How does it Amazon make this recommendation? Based on a 2003 article published on IEEE Internet Computing (Jan/Feb issue), the company uses item-item similarity methods from collaborative filtering. At that time, this was state-of-the-art method, and Amazon was pioneering the field of recommender system.

It seems this same implementation has been in use in Amazon until today. As we can see from the picture to the left. The snapshot was taken in January 2013.  The first product (Girl’s 7-16 Jacket) is recommended because the user purchased a somewhat similar item (Girls 2-6x Princess Jacket). Similar thing is true for the second recommended product. In other words, item-item similarity is a major technology used by Amazon's recommendation engine.  

The field of recommender systems have seen great advance since 2006's Netflix Prize contest. From 2006 until 2009 when the prize was awarded,  many methods have been invented to tackle recommendation problem. Among them, the most widely adopted method today is Matrix Factorization (with SVD as a special implementation). It was shown that this method generated better results than item-item similarity approach. Netflix adopted matrix factorization method after 2007, and has been using it in its production system until today. 

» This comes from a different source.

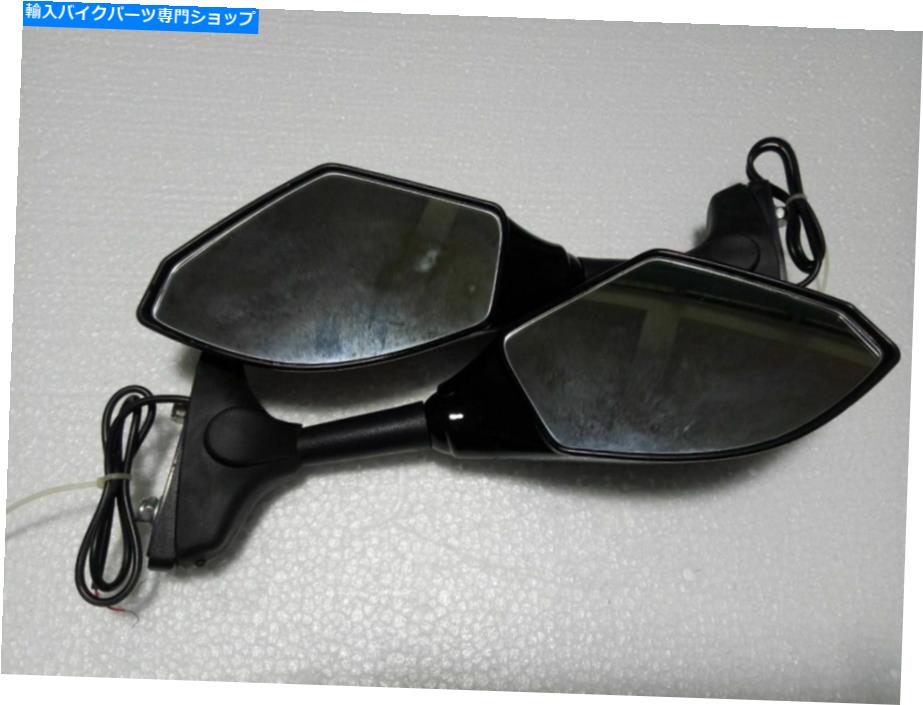 Mirror YAMAHA FZR600 YZF600R Thundercat YZF R1 R6用の統合ターンシグナルミラー INTEGRATED TURN SIGNAL MIRRORS for Yamaha FZR600 YZF600R Thundercat YZF R1 R6【並行輸入品】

Both item-item similarity and matrix factorization approach have been eclipsed by other approaches in the last 2 years. Netflix itself has moved into a machine-learning based ranking model, and others (such as getJar, see an early blog) have explored neighborhood-based methods.

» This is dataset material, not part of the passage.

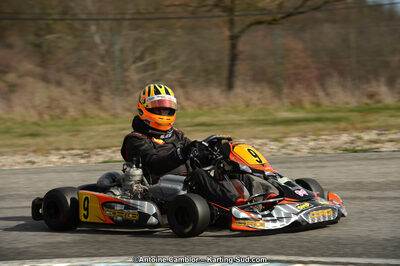 10/03/2013 : 1ère manche du Trophée Vincent Sanchez à Lavelanet (Photos Antoine Camblor) 2013 — karting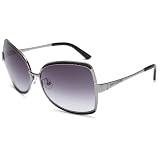 Juicy Couture Womens The Lady Metal Sunglasses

Would Amazon adopt more sophisticated methods to make its recommendation? Given its business is doing so well with simple methods, this probably will not happen soon.

Jan 3, 2013

Applications of Supervised learning

Machine learning, specifically supervised learning (which is used equivalent to classification), has become so versatile that it can be applied to a wide range of situations. On the surface, binary classification does not sound that interesting -- It only gives a “yes” or “no” answer.  But it gains power when you can associate a probability with each “yes” or “no” answer. With probability, you can score people based on their likelihood of buying, likelihood of defaulting, or likelihood of churning.

Thus machine learning becomes truly powerful when it is “statistical learning”, where our prediction of “yes” or “no” is associated with a probability (a number ranging from 0 to 1, which can be scaled to generate a score). 

Here are some applications we can apply binary classification to:

1. Click prediction, which can be applied to (1) search ranking (2) online ads ranking
     If you can rank the probability of user click, then you can present the search results based on that probability. The documents or products what have high probably of being clicked will ranked higher. Similarly, when we decide which display ads toshow to the user, we can use click probability. 

2. Fraud detection
     Our task is deciding whether a transaction is fraud. This is a simple binary classification: fraud or not? When the probability crosses a threshold (say 0.8), we can classify a transaction as a fraud.

3. Select sales prospects to call based on their probability of responding.
    This is also a simple binary classification problem: Predict whether a prospect will respond to not.

Additional applications of binary classification are: 
4.   Accept or reject an application for  loan or credit card, or an insurance claim
5.    Customer churn
6.    Most valuable customer
7.    Cancer detection
8.    Quality control: Car is good to go out or not
9.    Product category classification
10.    User type classification
11.    Sentiment classification in social media: Positive or negative? 
12.    Document classification (applied in legal search, LinkedIn recommendation, and web search) 

Thus data mining field is now dominated by methodology of machine learning. Many people equate data mining to machine learning. This is not surprising given the wide applications we see.